De Procureur-Generaal
bij de Hoge Raad der Nederlanden,
Uitspraak
28 april 2000
Eerste Kamer
Rek.nr. R00/009HR
Hoge Raad der Nederlanden
Beschikking
in de zaak van:
[klager],
wonende te [woonplaats],
[...]
1. Het geding in feitelijke instantie
Met een op 5 augustus 1999 ter griffie van het Gerechtshof te Amsterdam ingediend klaagschrift heeft [klager] - […] - zich gewend tot dat Hof met een beklag tegen de weigering van de Officier van Justitie in het arrondissement Alkmaar om de Minister van Landbouw, Natuurbeheer en Visserij en de Minister van Verkeer, Ruimtelijke Ordening en Milieu te vervolgen wegens volgens klager door hen gepleegde ambtsmisdrijven.
Nadat de Advocaat-Generaal bij het Hof had geconcludeerd tot ongegrondverklaring van de klacht, heeft het Hof zich bij beschikking van 13 januari 2000 onbevoegd verklaard op het beklag te beslissen en het beklag naar de Hoge Raad verwezen.
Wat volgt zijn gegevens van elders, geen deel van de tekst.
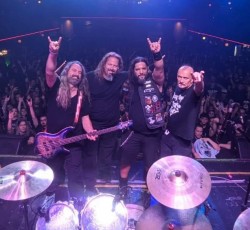 Οι Omen επιστρέφουν στην Ελλάδα για μία συναυλία 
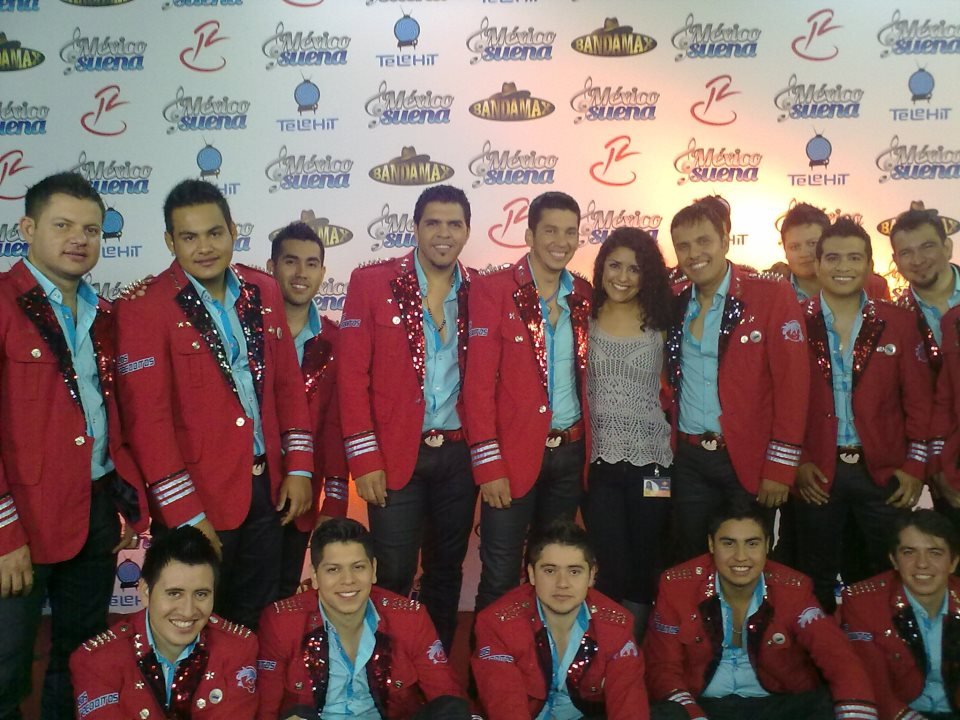 minelachina's tweet photo. #TBT de hace 5 años con @BANDARECODITOSS . 📸

¿Tienes un #TBT con ellos? ¡Compártelo aquí: https://t.co/p8khhkkneu! ❤ https://t.co/eqIBlIN9MB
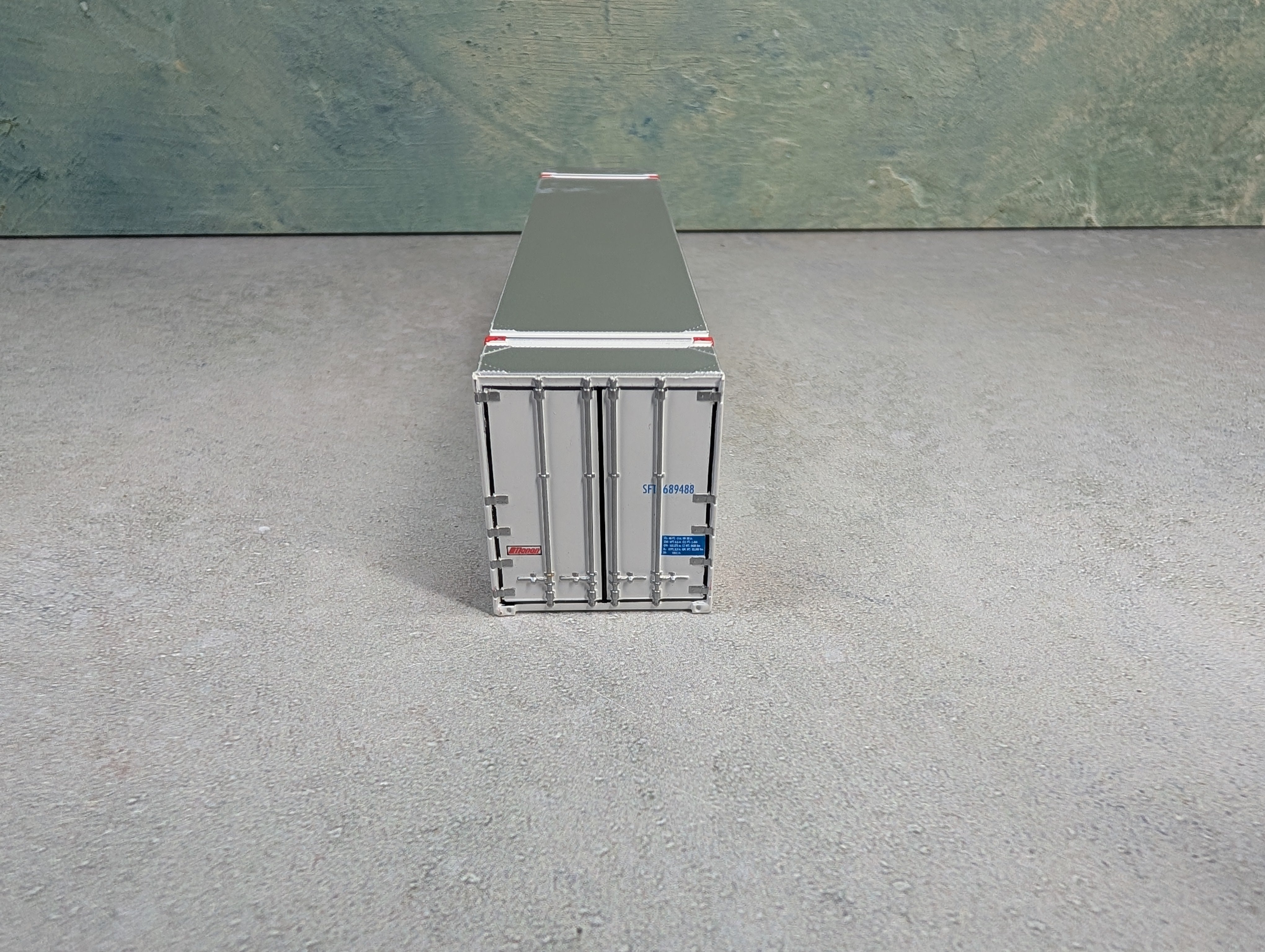 USED HO Scale 48' Container Santa Fe SFTU #689488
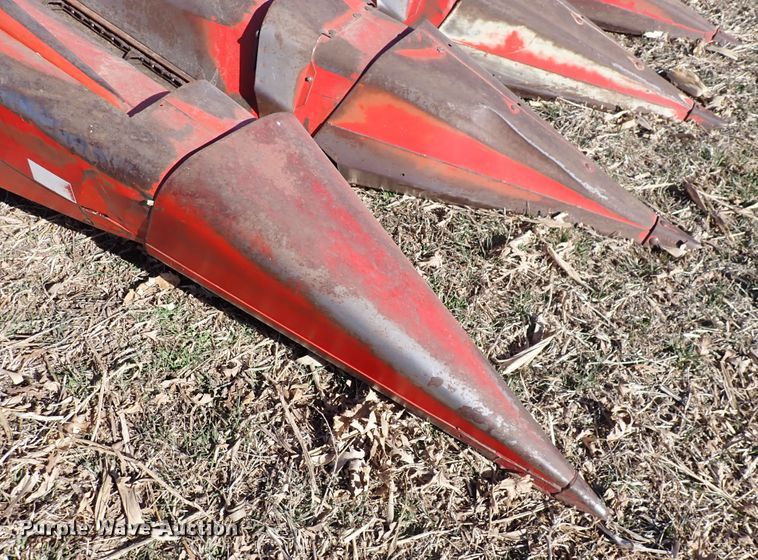 image for item DN2463 Massey Ferguson 1163  corn head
De beschikking van het Hof is aan deze beschikking gehecht.
De Procureur-Generaal bij de Hoge Raad heeft geconcludeerd tot niet-ontvankelijkverklaring van klager in zijn beklag.
2. Beoordeling van de ontvankelijkheid van het beklag. Het beklag betreft weliswaar strafbare feiten waarvan de Hoge Raad in eerste aanleg kennis neemt, te weten door de onder 1 genoemde Ministers beweerdelijk gepleegde ambtsmisdrijven als bedoeld in art. 92 RO, maar de opdracht tot vervolging ter zake van zodanige ambtsmisdrijven kan slechts worden gegeven bij Koninklijk Besluit of bij besluit van de Tweede Kamer der Staten-Generaal (art. 119 Gw.; art. 4 B 19 Wet van 22 april 1855, Stb. 33, houdende regeling der verantwoordelijkheid van de hoofden der Ministeriële Departementen; art. 483, leden 1 en 2 Sv.), derhalve niet door de Hoge Raad.
Nu de Hoge Raad niet bevoegd is opdracht te geven tot vervolging van ambtsmisdrijven als door klager bedoeld, is zijn beklag kennelijk niet-ontvankelijk. Dit brengt mee dat oproeping van klager achterwege kan blijven.
3. Beslissing
De Hoge Raad verklaart klager niet-ontvankelijk in zijn beklag.
Deze beschikking is gegeven door de raadsheren R. Herrmann, als voorzitter, A.E.M. Van der Putt-Lauwers en J.B. Fleers, en in het openbaar uitgesproken door de raadsheer W.H. Heemskerk op 28 april 2000.